Now to Trump, I’ve never been in a situation where it’s so difficult to make predictions. As a leader this man is a source of chaos—chaos means you don’t know what’s going to happen next. For this reason, one needs to look at the deep state in the United States. Trump is sitting on something. That something is the biggest military in the history of mankind and the biggest espionage and sabotage operation. In Europe, the two former fascist countries that were defeated in the Second World War, Germany and Italy, are still basically occupied by the United States. By the US military. Will they leave if Trump tells them to? I don’t think so. What they’ve dug into the ground in terms of technology, you can’t even speculate on this sort of thing. But there must be billions and billions worth of high technology on German soil, or underground. Will they pull it out? Career opportunities in the U.S. military have to do with their 750 military bases around the world. 750! If Trump is thinking about making “America Great Again” by rebuilding American society, finally building decent high schools and finally getting a decent health care system in place and ending the drug epidemic, then he would have to bring these people back into the real life on the American ground. They would have to learn to be decent policemen or decent doctors. Can you imagine this? This is what I think what Trump will have to get done to keep himself in office if MAGA is about the United States as a society rather than an empire.
WB: Let’s talk a bit about the deep state and how there might be dissatisfaction there with Trump’s policies. Do you think there are people in the US military who would be willing to move against Trump?
WS: It’s hard to think about someone in the U.S. military who would want to become a dictator. But J.D. Vance might fit the bill. To me he seems like someone who’s both very intelligent and absolutely ruthless. There’s a procedure in the American constitution, the 25th Amendment, to declare the president incapable. The procedure has to be started by the vice president. If he can convince the Speaker of the House and the Senate Majority Leader that Trump is mentally incapable, according to the constitutional procedure for removing the president from office if he’s no longer mentally fit, he might do it. Then he will be president.
Will Capitalism Again Reorganize Itself through War?
WB: Do you see the relations between Europe and the US as irreversibly deteriorating?
WS: When Trump came in during his first term and also at the start of his second term, there was this sense that European countries must have a common foreign policy and security capacity because the United States will leave. Then in a very short time, we had the NATO chief sucking up to Trump. From one extreme to the other. My view is that we need to have something different from both a United States of Europe and from Europe as a trans-Atlantic extension of America. In recent writings I have tried to point out the difficulties involved in both extremes, in order to really understand what Europe is and where it should go.

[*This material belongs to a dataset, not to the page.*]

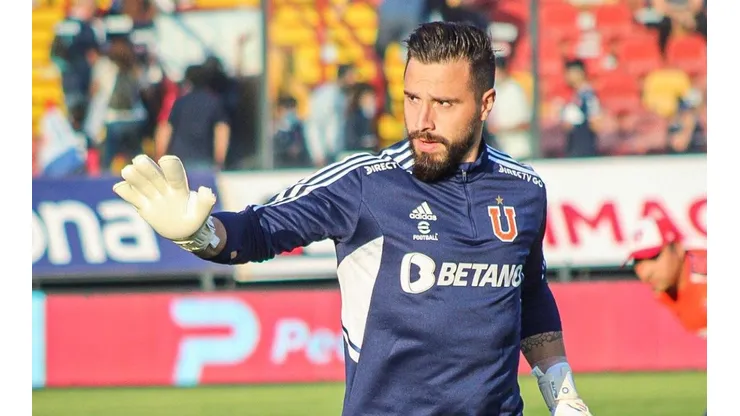 Héctor Hoffens aconseja a Hernán Galíndez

But before discussing that, let me share my biggest nightmare, which is capitalism reorganizing itself through war. Capitalism, in fact, has again and again organized itself through war. Capitalism was reorganized when the Dutch took over from Genoa and the center of capitalism moved from the Mediterranean to the Atlantic, then the British defeated the Dutch and the center moved to London, then came the First World War which destroyed the old quasi-feudal European empires, replacing them with the modern nation-states, after which came the chaos of the 1930s, when Britain could no longer maintain world order while the United States still refused to do the task, leading to the Second World War, which saw Germany and Japan become allies, each seeking their own “zone of influence,” modeled after the Monroe Doctrine, then the postwar settlement—the second after 1918—which gave rise to the bipolar order and the colonial wars of liberation, and finally the end of the Cold War—without bloodshed only because of the wisdom of Gorbachev—making the United States the new hegemon, bringing in three decades of neoliberalism—George H. W. Bush’s New World Order—which is now in ruins. Around which power, or powers, will capitalism reorganize itself this time? And will it, once more, be reorganized by war? There are just two candidates, the United States and China.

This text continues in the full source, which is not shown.